··· DATA FOR THIS EXERCISE ···

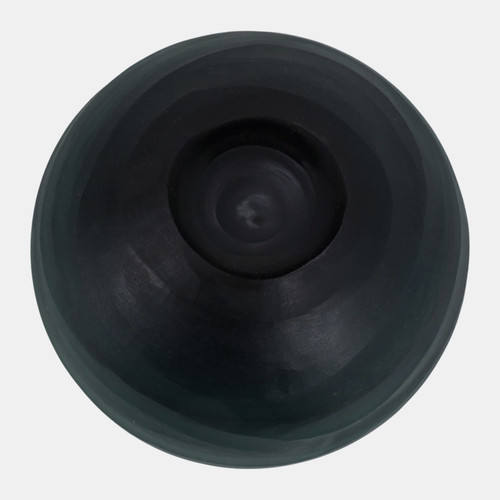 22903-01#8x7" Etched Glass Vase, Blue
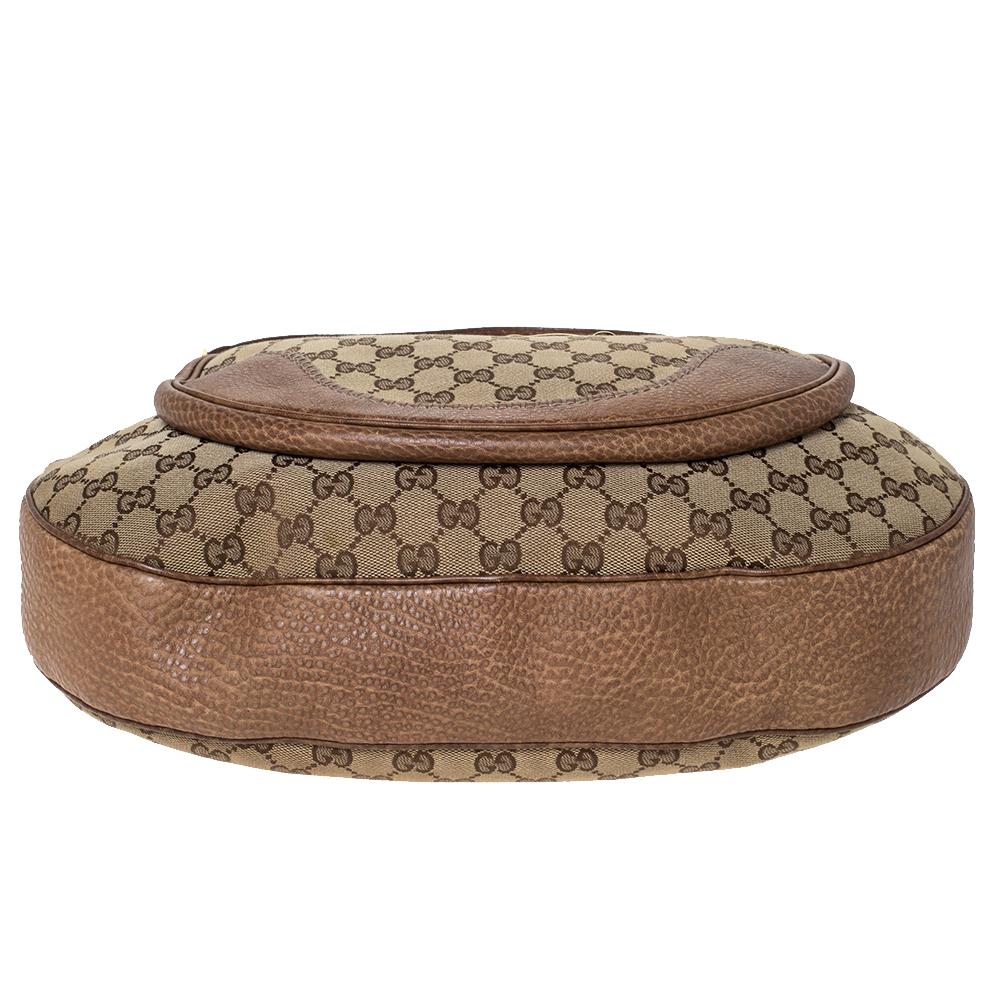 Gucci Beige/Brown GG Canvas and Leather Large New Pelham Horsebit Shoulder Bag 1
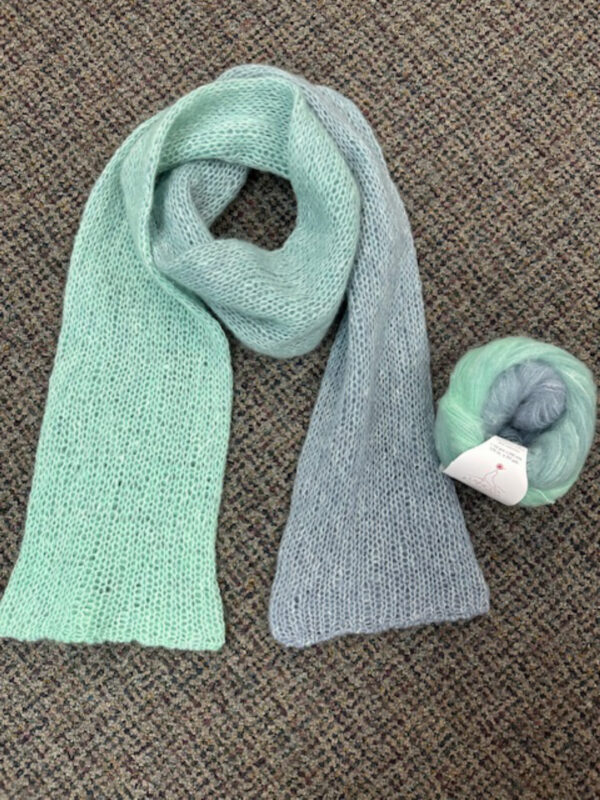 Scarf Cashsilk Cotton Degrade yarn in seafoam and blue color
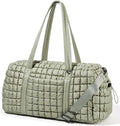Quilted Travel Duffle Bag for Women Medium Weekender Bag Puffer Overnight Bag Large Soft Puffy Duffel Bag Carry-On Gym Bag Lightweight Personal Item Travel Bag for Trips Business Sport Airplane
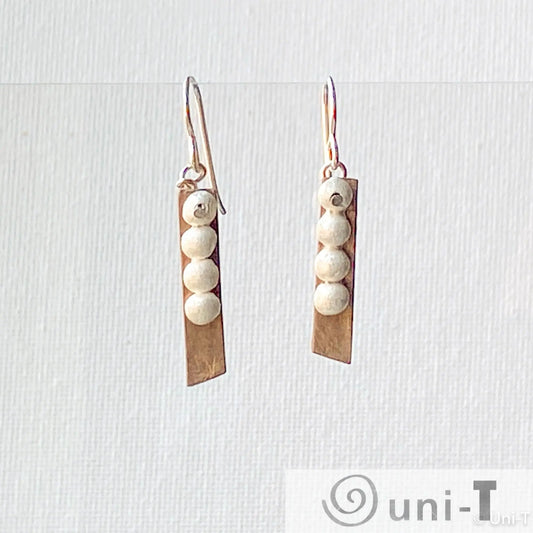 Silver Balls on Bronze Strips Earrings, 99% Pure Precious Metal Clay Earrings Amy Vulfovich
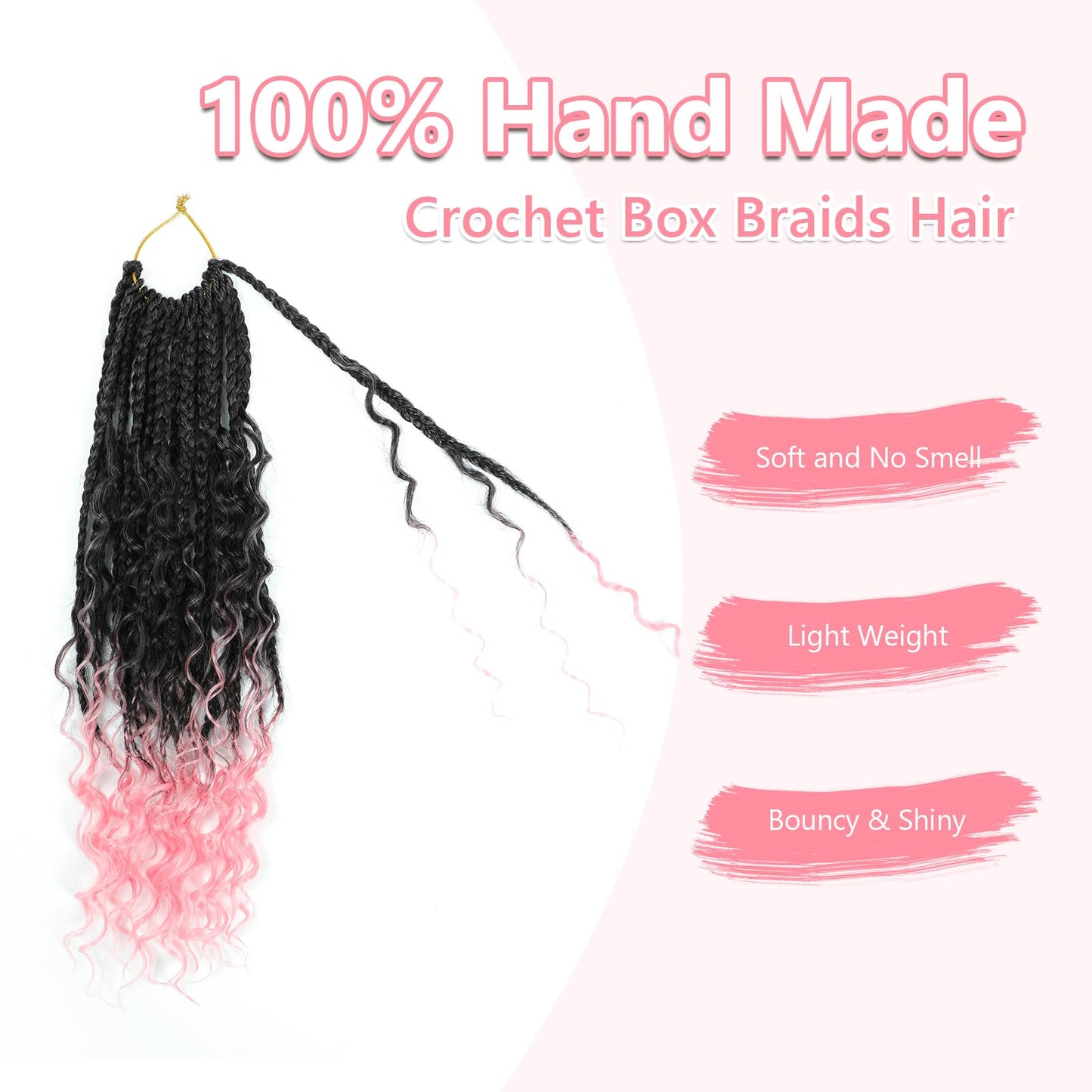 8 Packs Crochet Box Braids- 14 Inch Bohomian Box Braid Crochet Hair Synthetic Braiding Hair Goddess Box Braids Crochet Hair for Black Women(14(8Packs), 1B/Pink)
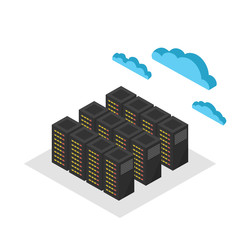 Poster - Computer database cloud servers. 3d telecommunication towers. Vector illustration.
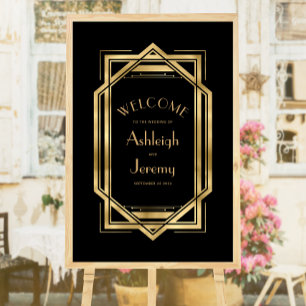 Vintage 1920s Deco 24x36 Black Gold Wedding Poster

···

## ABOUT THIS TASK
Only the lines from the one with "8 Packs Crochet" through the final line of the entries above should be transcribed, exactly and without pictures.

## SOLUTION FOR THIS TASK
 8 Packs Crochet Box Braids- 14 Inch Bohomian Box Braid Crochet Hair Synthetic Braiding Hair Goddess Box Braids Crochet Hair for Black Women(14(8Packs), 1B/Pink)
 Poster - Computer database cloud servers. 3d telecommunication towers. Vector illustration.
 Vintage 1920s Deco 24x36 Black Gold Wedding Poster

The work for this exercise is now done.